- _Your assignment_
Return the whole listing unchanged. Drop the images.

- _Collected data_
○ ○ ○ ○ ○

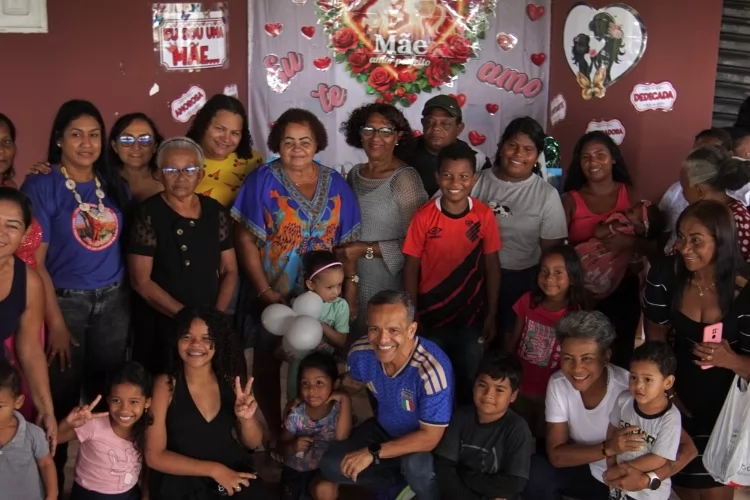 Prefeito de Macapá visita comunidade quilombola de Ilha Redonda, ouve moradores e anuncia melhorias para a localidade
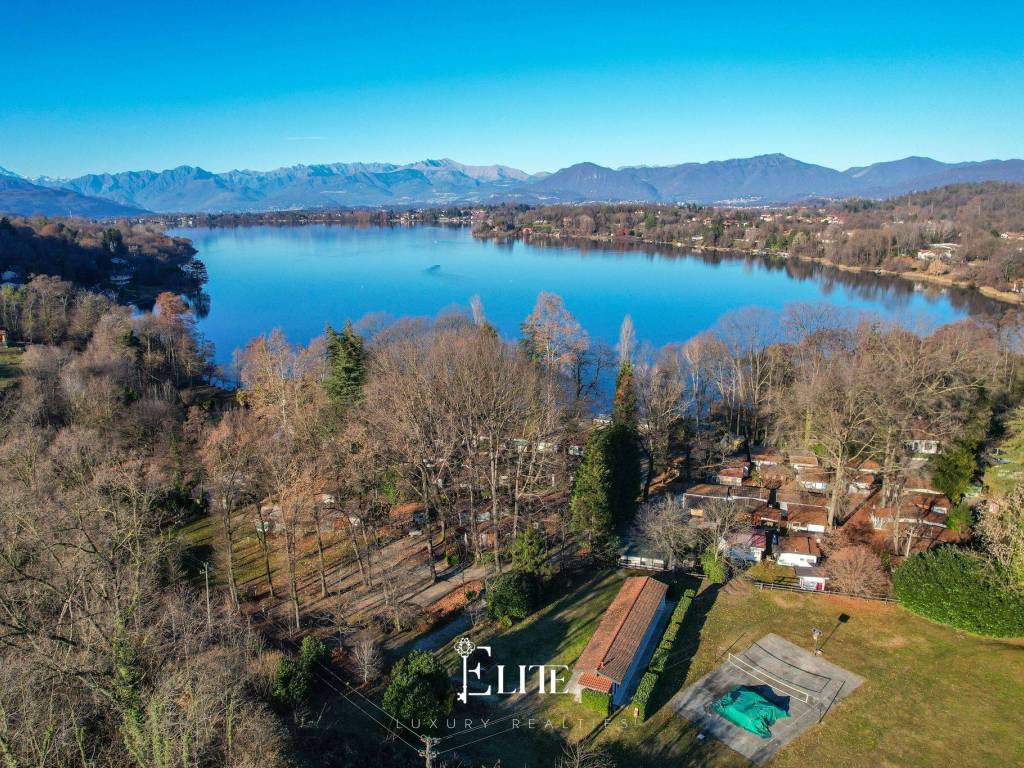 Villa a Comabbio in Via Lago di Monte, 497 - Foto 2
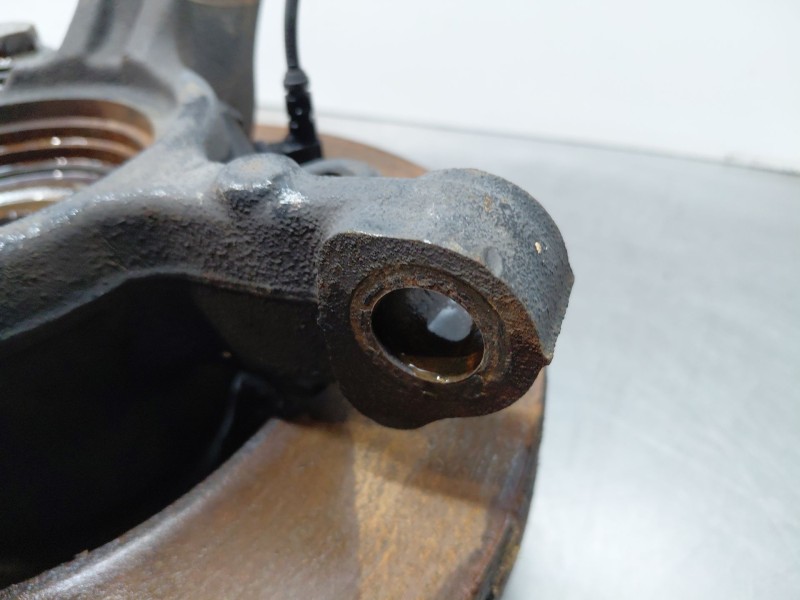 Recambio de mangueta delantera derecha para renault master iii furgón referencia OEM IAM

○ ○ ○ ○ ○

- _Answer to this task_
 Prefeito de Macapá visita comunidade quilombola de Ilha Redonda, ouve moradores e anuncia melhorias para a localidade
 Villa a Comabbio in Via Lago di Monte, 497 - Foto 2
 Recambio de mangueta delantera derecha para renault master iii furgón referencia OEM IAM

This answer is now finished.